Understanding Convolutional Neural Networks (CNNs) in Depth

12 min readNov 28, 2023

Convolutional Neural Networks skillfully capturing and extracting patterns from data, revealing the hidden artistry within pixels.

A simple classification architecture of Conv-Net

Introduction:

Convolutional Neural Networks (CNNs) have revolutionized the field of computer vision, becoming the cornerstone of image and video analysis applications. In this article, we will delve into the key components and operations that make CNNs powerful, exploring concepts like convolution, max-pooling, stride length, padding, upsampling, downsampling and more. Additionally, we’ll discuss a simple CNN model on a dataset using Python and a popular deep learning framework.

Convolutional Neural Networks (CNNs) consist of various types of layers that work together to learn hierarchical representations from input data. Each layer plays a unique role in the overall architecture. Let’s explore the key types of layers found in a typical CNN:

Input Layer: The input layer is the initial data entry point for the network. In image-based tasks, the input layer represents the pixel values of the image. In the following example, let’s assume we’re working with grayscale images of size 28x28 pixels.

from tensorflow.keras.layers import Input

input_layer = Input(shape=(28, 28, 1))

2. Convolutional Layer: Convolutional layers are the core building blocks of CNNs. These layers apply convolution operations to the input data using learnable filters. These filters scan the input, extracting features such as edges, textures, and patterns

from tensorflow.keras.layers import Conv2D

conv_layer = Conv2D(filters=32, kernel_size=(3, 3),
                    activation='relu')(input_layer)

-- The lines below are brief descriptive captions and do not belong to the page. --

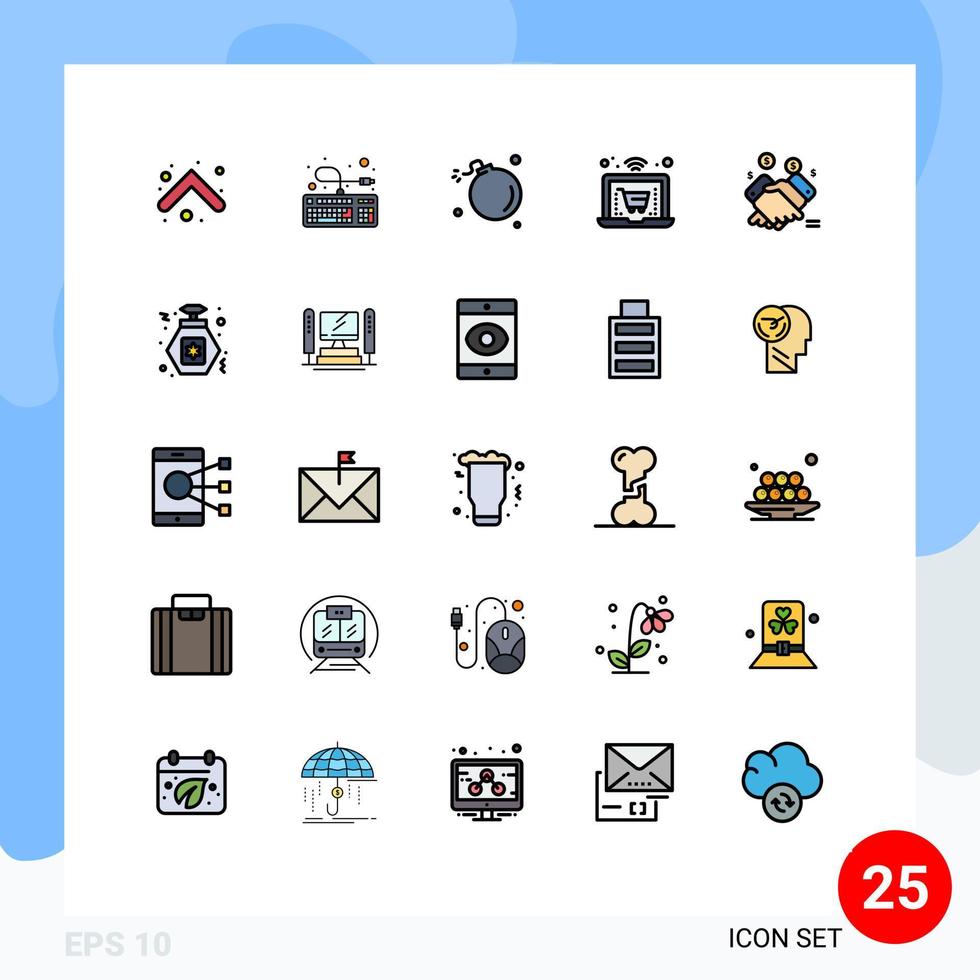 Pack of 25 Modern Filled line Flat Colors Signs and Symbols for Web Print Media such as marketing laptop bomb shopping science Editable Vector Design Elements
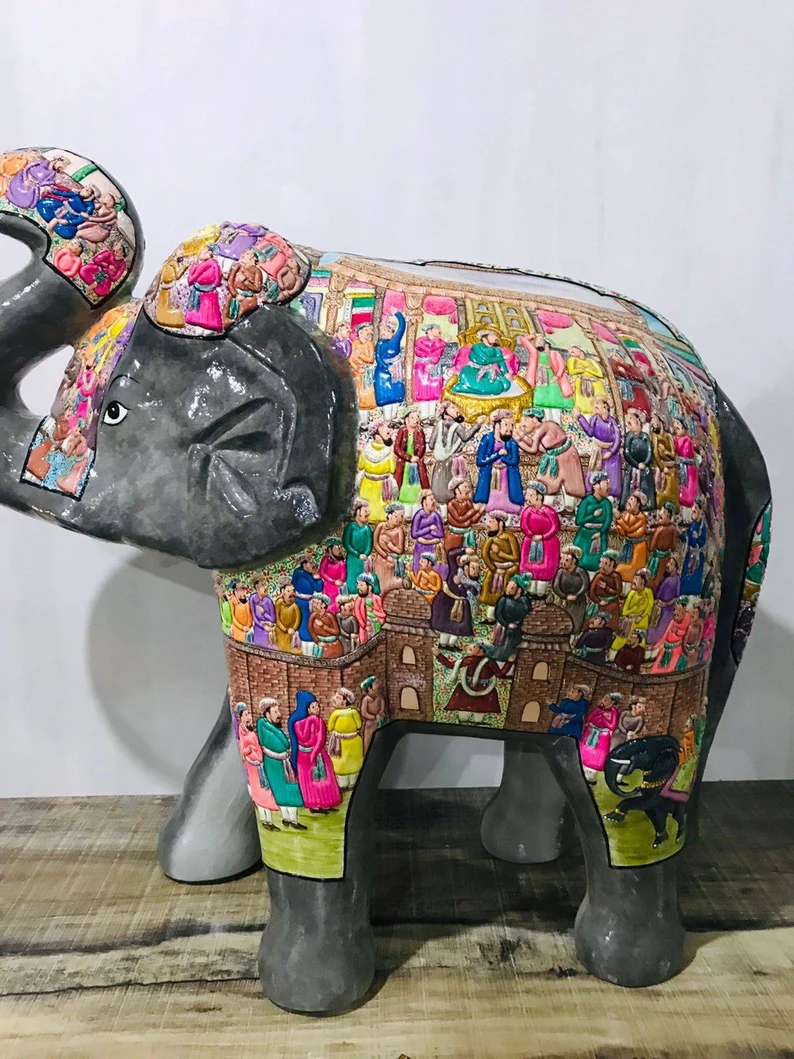 Handmade Elephant Statue, Hand painted elephant sculpture, Indian rlephant statue.Paper Mache elephant handpainted in mughal darbar design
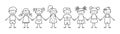 Group of funny kids holding hands. Friendship concept. Happy cute doodle children. Isolated vector illustration Royalty Free Stock Photo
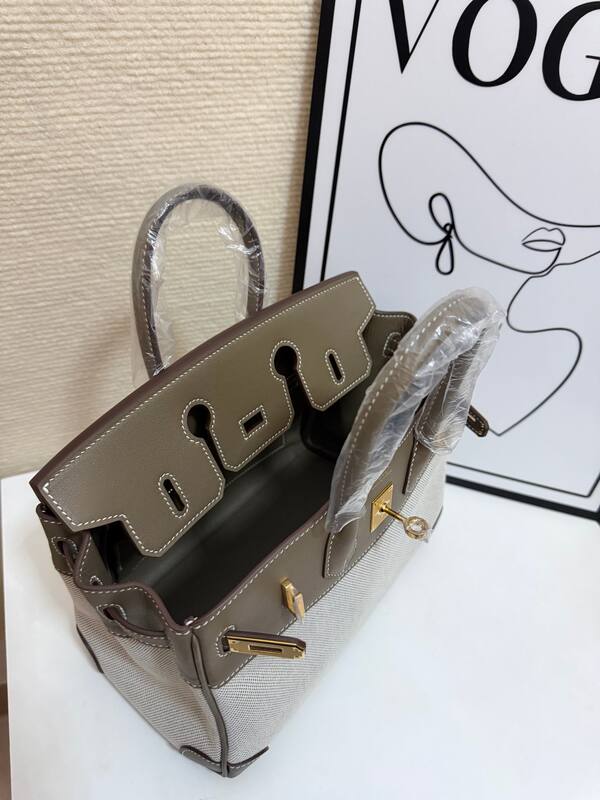 Hermes Birkin 30 Etoupe and Beige canvas everyday — Top Quality Replica
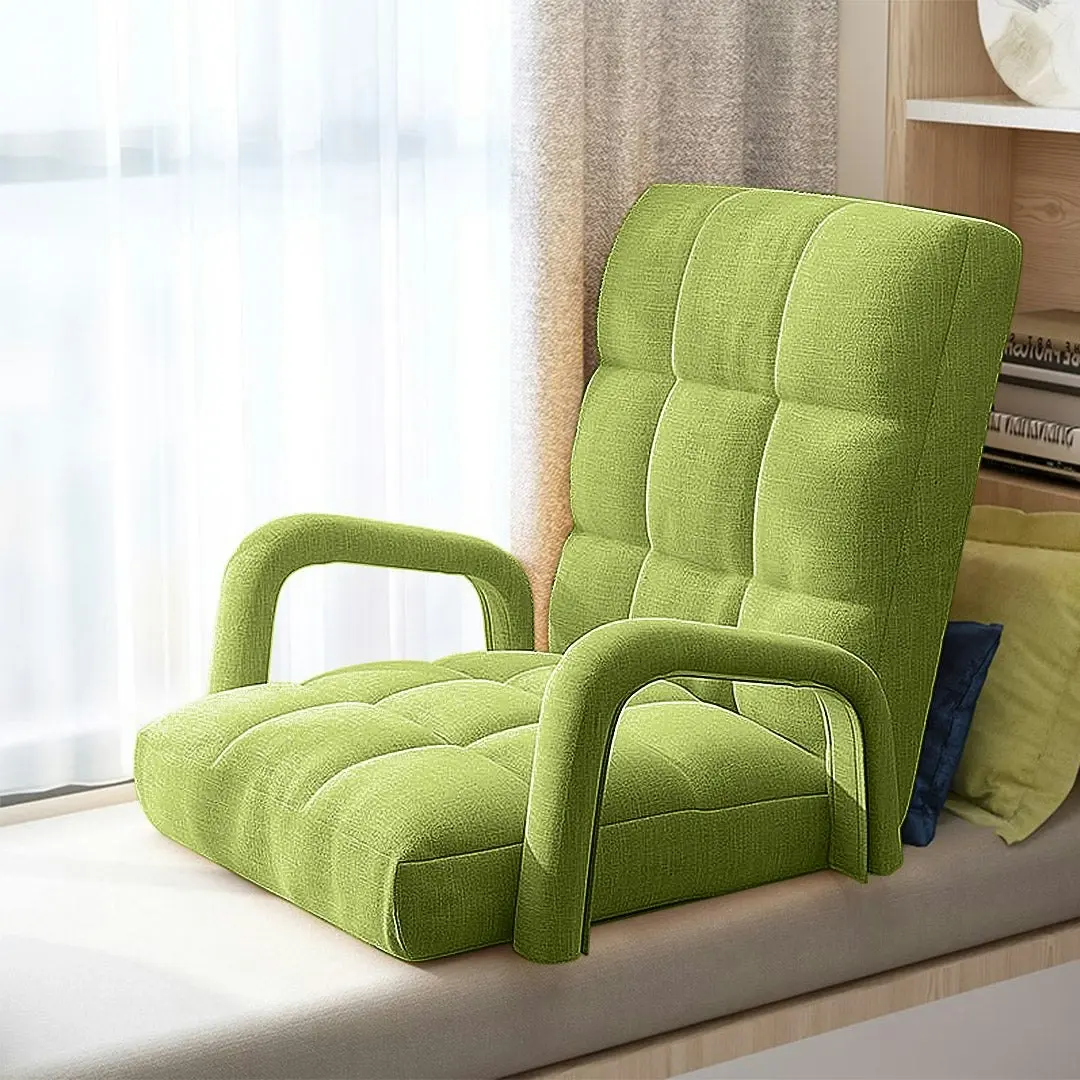 Soga Foldable Lounge Cushion Adjustable Floor Lazy Recliner Chair with Armrest Yellow Green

In the context of Convolutional Neural Networks (CNNs), the terms “kernel” and “filter” are often used interchangeably and refer to the same concept. Let’s break down what these terms mean:

2.1 Kernel: A kernel is a small matrix used in the convolution operation. It’s a set of learnable weights that are applied to the input data to produce the output feature map. Kernels are the key elements that allow CNNs to automatically learn spatial hierarchies of features within the input data. In image processing, a kernel might be a small matrix like 3x3 or 5x5.

2.2 Filter: A filter, on the other hand, is a set of multiple kernels. In most cases, a convolutional layer uses multiple filters to capture different features in the input data. Each filter is convolved with the input to produce a feature map, and the network learns to extract various patterns by adjusting the weights (parameters) of these filters during training.

In this example, we’re defining a convolutional layer with 32 filters, each having a 3x3 kernel size. During training, the neural network adjusts the weights (parameters) of these 32 filters to learn different features from the input data. Lets see it wit an image example:

Convolution mechanism.Kernel shape(3X3). imagesource:opengenus

In summary, the kernel is the small matrix that slides or convolves across the input data, and the filter is a set of these kernels used to extract various features from the input, allowing the neural network to learn hierarchical representations.

3. Activation Layer (ReLU): After the convolution operation, an activation function, often Rectified Linear Unit (ReLU), is applied element-wise to introduce non-linearity into the model. ReLU helps the network learn complex relationships and makes the model more expressive. It completely depends upon your use case which activation you will use, in most cases researchers use ReLU, there some activations which can also be used, for example: Leaky ReLU, ELU.

Implementing the Rectified Linear Unit (ReLU) function in Python is quite straightforward. ReLU is an activation function commonly used in neural networks to introduce non-linearity. Here’s a simple Python implementation:

def relu(x):
    return max(0, x)

4. Pooling Layer: Pooling layers (e.g., MaxPooling or AveragePooling) reduce the spatial dimensions of the feature maps generated by the convolutional layers. MaxPooling, for instance, selects the maximum value from a group of values, focusing on the most salient features.

Max Pooling — Average Pooling. source: researchgate

Pooling layers reduce spatial dimensions. MaxPooling is commonly used:

from tensorflow.keras.layers import MaxPooling2D

pooling_layer = MaxPooling2D(pool_size=(2, 2))(conv_layer)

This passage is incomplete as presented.